General information
- Type: Homebuilt aircraft
- National origin: United States
- Manufacturer: American Homebuilts
- Designer: Steve Nusbaum
- Status: Production completed
- Number built: 3 (2007)

History
- First flight: 1994

= American Homebuilts John Doe =

American homebuilt aircraft

The American Homebuilts John Doe is an American STOL homebuilt aircraft that was designed by Steve Nusbaum and produced by American Homebuilts of Hebron, Illinois, first flown in 1994. When it was available the aircraft was supplied as a kit for amateur construction.

==Design and development==
The aircraft was given its name because the designer and his wife, Carla Nusbaum, could not decide on an appropriate name for the design.

The John Doe features a strut-braced high-wing, a two-seats-in-tandem enclosed cabin, fixed conventional landing gear and a single engine in tractor configuration.

The aircraft is made from welded steel tubing, with its flying surfaces covered in doped aircraft fabric. Its 30.6 ft span wing mounts flaps, leading edge slats, drooping ailerons, stall fences, winglets and has a wing area of 130.6 sqft. It employs a NACA 4415 airfoil. The acceptable power range is 65 to 125 hp and the standard engines used are the 125 hp Continental IO-240 and 100 hp Continental O-200 powerplants.

The aircraft has a typical empty weight of 878 lb and a gross weight of 1400 lb, giving a useful load of 522 lb. With full fuel of 26 u.s.gal the payload for the pilot, passenger and baggage is 366 lb.

The standard day, sea level, no wind, take off with a 125 hp engine is 150 ft and the landing roll is 250 ft.

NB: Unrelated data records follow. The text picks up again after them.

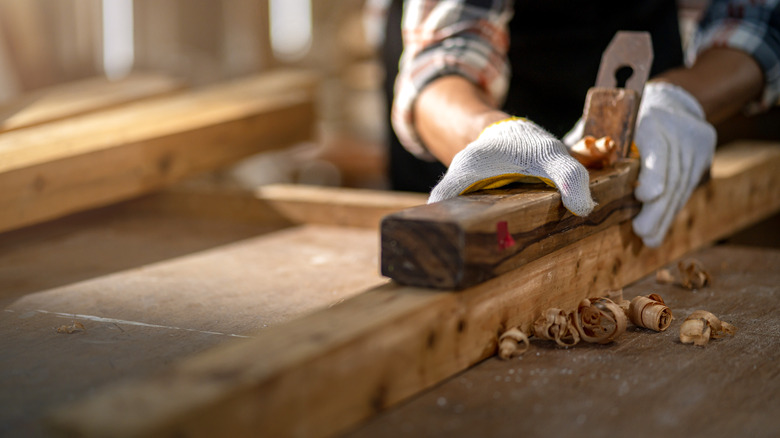 woodworkerusing a wooden plane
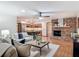 Cozy living room with brick fireplace open to a stylish kitchen with an island and stainless appliances at 2350 Worthington Rd, Maitland, FL 32751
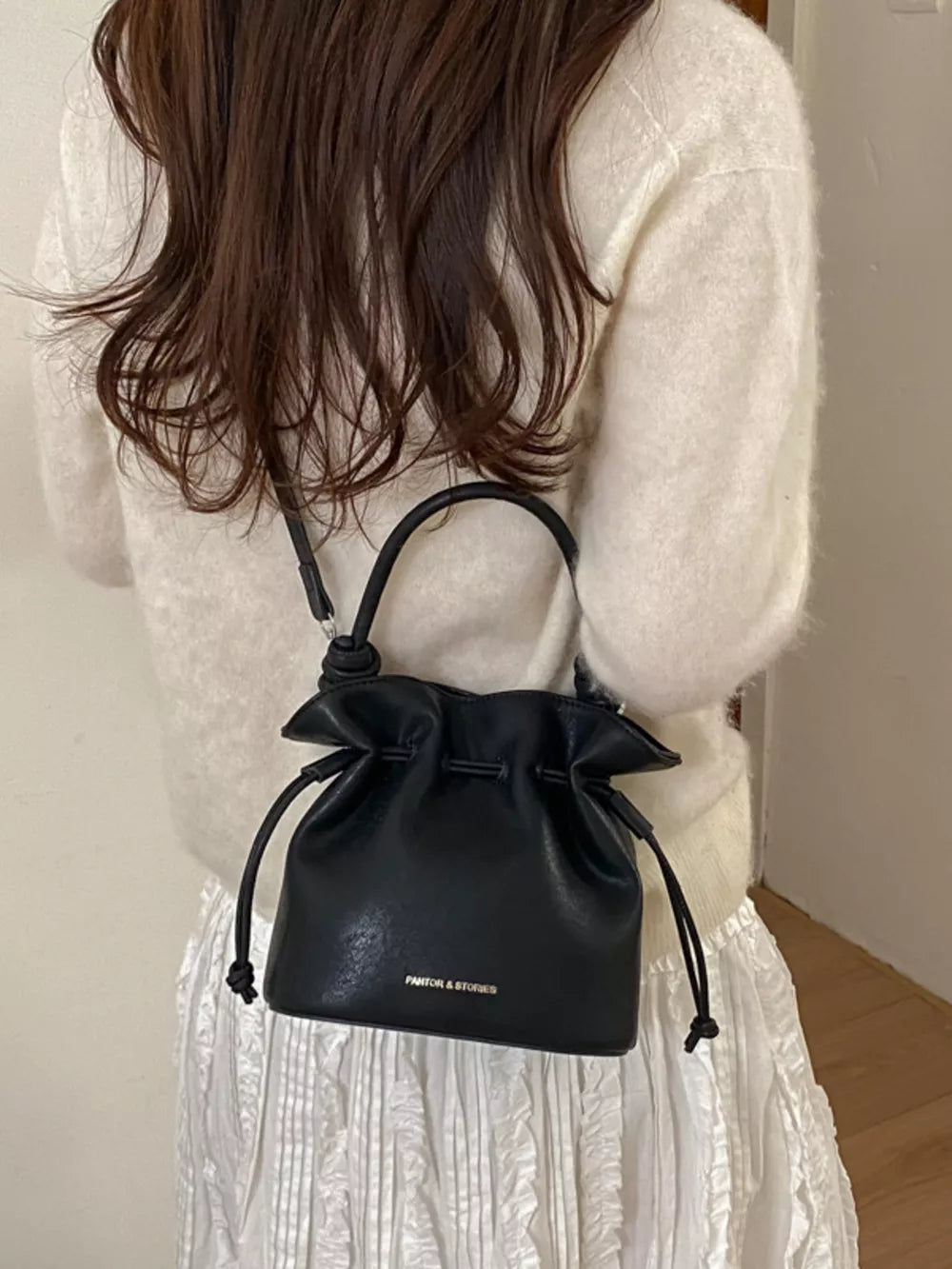 Black pu leather cinch-top crossbody bag with drawstring closure and top handle.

The manufacturer estimated the construction time from the supplied kit as 400 hours.

==Operational history==
By 1998 the company reported that one had been completed and was flying.

By December 2007 a total of three had been completed.

In April 2015 one example was registered in the United States with the Federal Aviation Administration, although a total of three had been registered at one time.